Gender-based analysis-plus in impact assessment: What it is, and why it is important (hint: it’s not just about jobs)

Trigger warning: this blog addresses sensitive and potentially difficult subject matter, as well as sexist and racist commentary

When Parliament enacted the Impact Assessment Act (IAA) in 2019, it introduced a requirement to consider “the intersection of sex and gender with other identity factors” in federal impact assessments (section 22(1)(s)), otherwise known as the gender-based analysis-plus (GBA+) provision.

At the time, that section led to much head-scratching, as well as reminders that we do still live in a systemically sexist society (dear Financial Post: protecting women and vulnerable communities from the harms of resource extraction is not goofy).
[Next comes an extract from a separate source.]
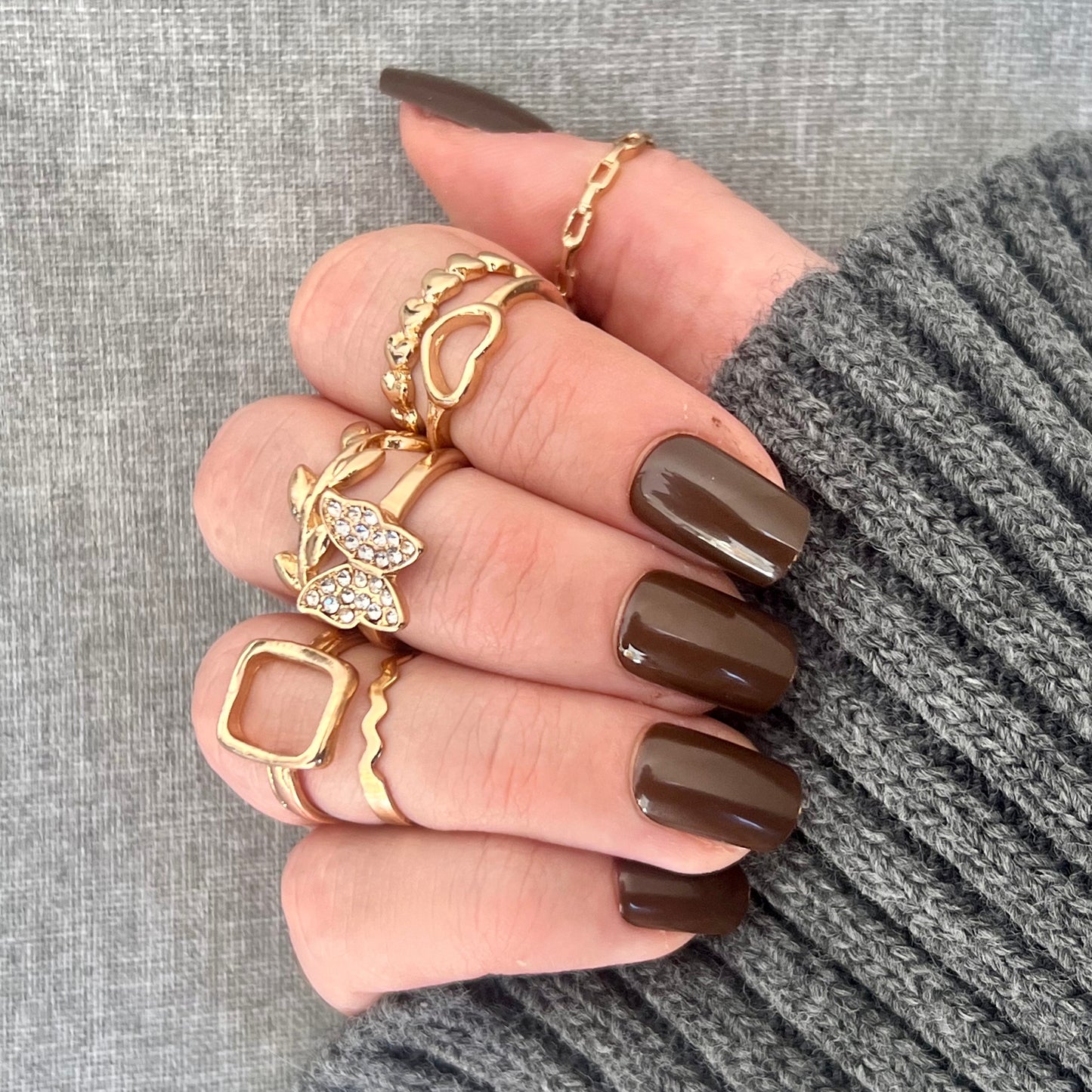 Press-On Nails – Chocolat Brillant 🍫✨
Probably the grossest display was by Senator David Tkachuk, who when debating Bill C-69 (which included the IAA), berated Senator Mary Jane McCallum, an Indigenous woman, for providing testimony of sexual violence towards Indigenous women by construction workers, calling her remarks “shameful.” He suggested instead that the real threat wasn’t to the health and safety of women in communities near resource development – no, the real threat to women, according to Senator Tkachuk, was that if projects don’t proceed and women’s husbands can’t get jobs, then those women can’t buy their children clothes with the money their husbands send home.

Yep, that happened. In 2018. In the Senate.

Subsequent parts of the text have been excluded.